大原学園は税理士試験講座の、早稲田セミナーは公務員試験講座の各パンフレットで同様の表示をしていた。公取委は、各校とも正規の受講の成果とは認められない人が合格者数に2割程度は含まれていたとみている。

各校はすでに指摘されたパンフレットの使用を中止しており、「警告を真摯(しんし)に受け止め、今後は適正な広告表示に努める」などとコメントしている。 (22:44)

昨年東京リーガルマインド(LEC)に対して下された排除命令(PDF)では,司法試験口述試験会場までの送迎バスを利用した者,論文試験回答等の資料の提供を受けた者,受験願書の提供を受けた者等についても

会員として司法試験受験講座をご利用

した者の人数に含められていたことが問題とされており,排除命令の対象となった行為が違法なことは明らかでした。

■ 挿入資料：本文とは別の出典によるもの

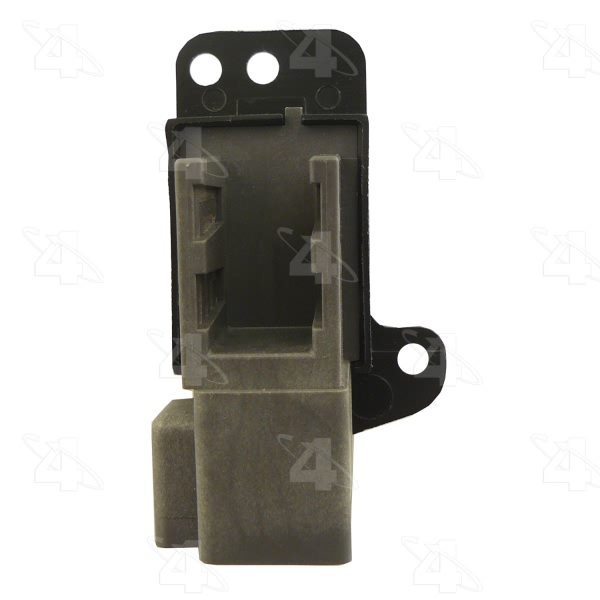 ACI Front Driver Side Door Lock Switch 387645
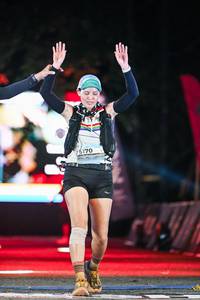 BIB: 
                            <button type="button" onclick="openModal(28113947)" class="btn btn-primary btn-sm float-right btn-popup" data-toggle="modal" data-target=".modal-high-quality">
                        <i class="fas fa-shopping-cart"></i> Add to Cart
                    </button>
                                            <button type="button" onclick="isThisMe(28113947, true)" class="btn btn-success btn-sm float-right btn-popup btn-isme hidden" data-toggle="tooltip" data-placement="bottom" title="นี่คือรูปของคุณใช่ไหม คลิกที่นี่เพื่อเอาเข้าอัลบั้ม">
                        <i class="fas fa-plus"></i> Add to album
                    </button>
                    <button type="button" onclick="isThisMe(28113947, false)" class="btn btn-warning btn-sm float-right btn-popup btn-isnotme hidden">
                        <i class="fas fa-ban"></i> Remove from album
                    </button>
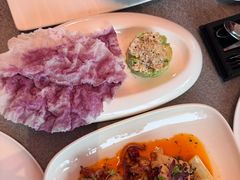 -Ministry of Crab•MOC(交子大道店)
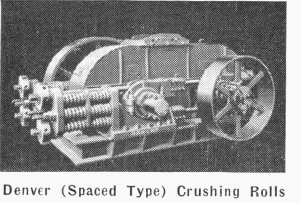 space_type_crushing_rolls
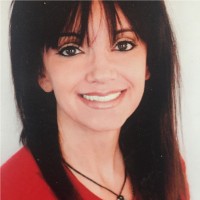 Kim Jackson Grossenbach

それに比べると今回警告を受けた行為は,短期間のものにすぎないとはいえ講座受講者を含めたというだけのものなので,違法なのかどうか微妙なところです(そうであるからこそ警告にとどめているともいえますが。)。

本件に関する公取の新聞発表文(PDF)を見てみると,各社の違反被疑行為の概要に(注)として,各社がパンフレットで,合格者数には模擬試験のみの受験者や書籍購入者,情報提供登録者を除く旨うたってあることがふれられています。このようにわざわざうたったことで,模試受験者と同列に扱われるべき短期講座受講生も合格者数には含まれないとの誤認を消費者に生じさせるおそれがあるということで,かなり踏み込んだ認定を公取はしたという感を受けます。

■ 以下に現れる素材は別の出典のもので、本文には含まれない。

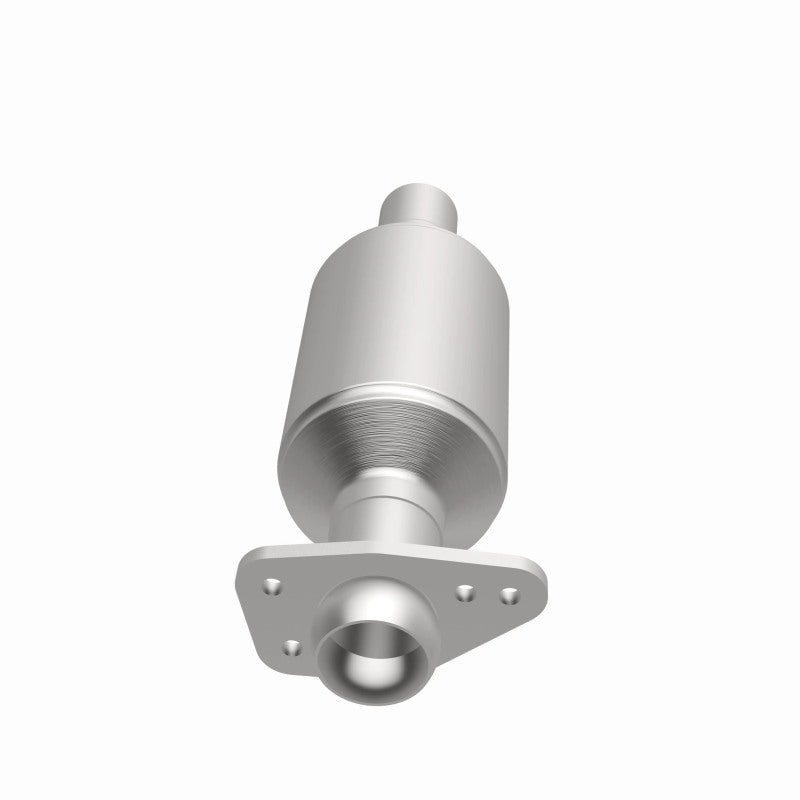 MagnaFlow 94-95 S10/Sonoma 2.2L CA Direct Fit Converter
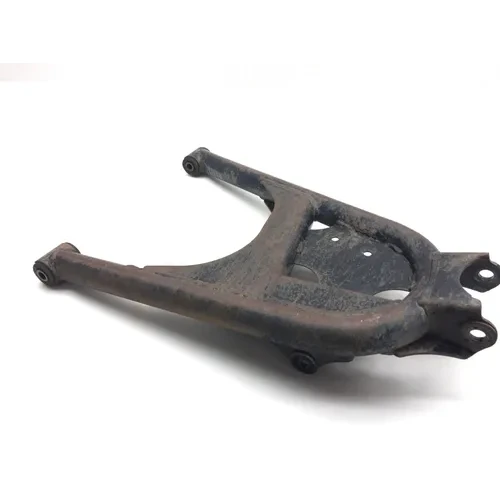 Rear Driver Left Lower A-Arm 2016 Yamaha Wolverine R-Spec YXE 700 4x4 EPS 2534A 9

ただ,公取はLECに対する排除命令に併せて,資格試験等の受験指導を行う主要な事業者に対して以下のような要望を出しており,本件各社の行為はその要望にもろに反するものでした。

3 要望の概要

資格試験等受験のための講座の受講生募集を行う際の広告表示において,次のような例が多く認められ,このような表示は,一般消費者の認識に沿った適切なものとは認め難いため,資格試験等の受験指導を行う主要な事業者に対し,景品表示法違反行為の未然防止の観点から,表示基準を策定するなどの表示の適正化を図るよう要望した。

(1)自らの合格実績として表示している合格者数,合格者数の比率等について,短期講座の受講生,公開模擬試験のみの利用者等,主要な講座を受講していない者を含めている。

(2)合格者について,単に自らの会員や利用者である旨のみを示し,利用した講座等の範囲を示していない。

本件各社が上記の(注)で指摘されたような記載をしたことが,LECと同じようなことさえしなければ排除命令は受けない,公取の要望を無視してもかまわないという意識の現れと公取にとらえられ,公取の逆鱗に触れたということが今回の警告の背景にあるのかもしれません。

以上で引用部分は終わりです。